Ad hoc polymorphism (overloading) allows functions with the same name to behave differently for different argument types. Unlike parametric polymorphism which uses a single implementation, ad hoc polymorphism provides distinct code per type, selected at compile-time during overload resolution.
From your study of type systems, you know that types classify values and constrain the operations that can be performed on them. But consider the `+` operator: it adds integers, concatenates strings, and combines floating-point numbers. These are fundamentally different operations — integer addition uses an ALU instruction, float addition uses an FPU instruction, and string concatenation allocates memory and copies bytes. Yet the programmer writes the same symbol for all three. This is ad hoc polymorphism: the same name dispatches to entirely different implementations depending on the types of its arguments.

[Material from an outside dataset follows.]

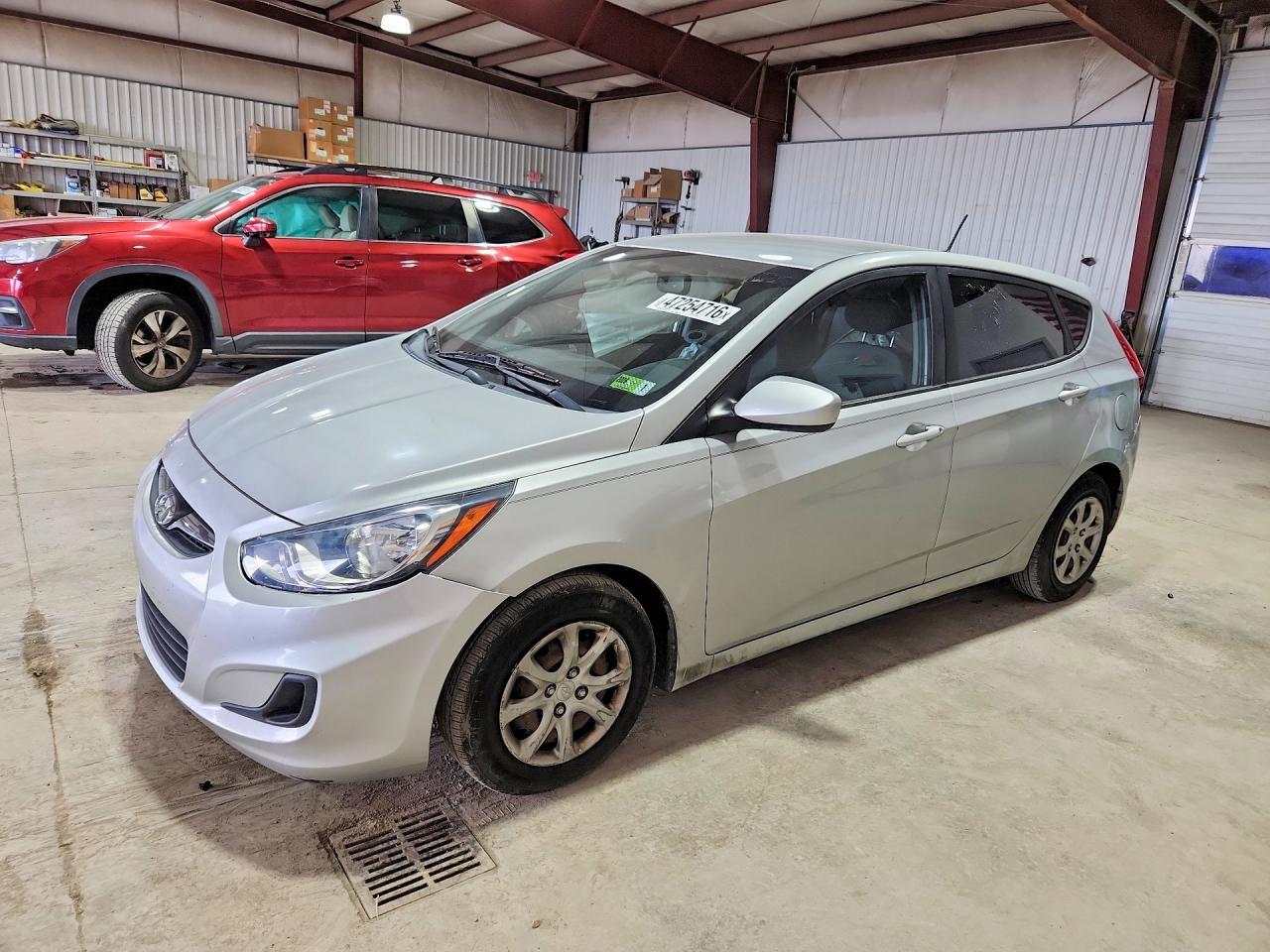 2013 HYUNDAI ACCENT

The term "ad hoc" contrasts with parametric polymorphism, where a single function works uniformly over all types. A parametric function like `identity(x) = x` does the same thing regardless of whether x is an integer, a string, or a list — it never inspects the type. Ad hoc polymorphism is the opposite: each type gets its own bespoke implementation. The compiler must determine *which* implementation to call, and it does so by examining the types of the arguments at the call site. This process is called overload resolution.
Overload resolution is where your knowledge of symbol tables and scope becomes critical. When the compiler encounters a call like `add(a, b)`, it looks up `add` in the symbol table and finds multiple entries — one for integers, one for floats, perhaps one for complex numbers. It then examines the types of `a` and `b` to select the best match. The rules governing this selection vary by language and can become surprisingly complex. C++ considers implicit conversions (int to float, for example), creating a ranking of matches from exact to promotion to conversion. If no single overload is strictly better than all others, the call is ambiguous and the compiler reports an error. Languages like Haskell take a different approach with type classes: a type class like `Num` declares an interface (including `+`), and each type provides its own instance, making overload resolution a matter of instance lookup rather than argument-type matching.
The compiler's implementation of ad hoc polymorphism is conceptually a dispatch table keyed by type signatures. At compile time, once overload resolution identifies the correct implementation, the call is bound to a specific function — there is no runtime overhead. This is in contrast to dynamic dispatch (as in virtual methods), where the target is resolved at runtime via a vtable. The distinction matters for performance and for the compiler's ability to inline and optimize: a statically resolved overloaded call is just a normal function call by the time code generation begins.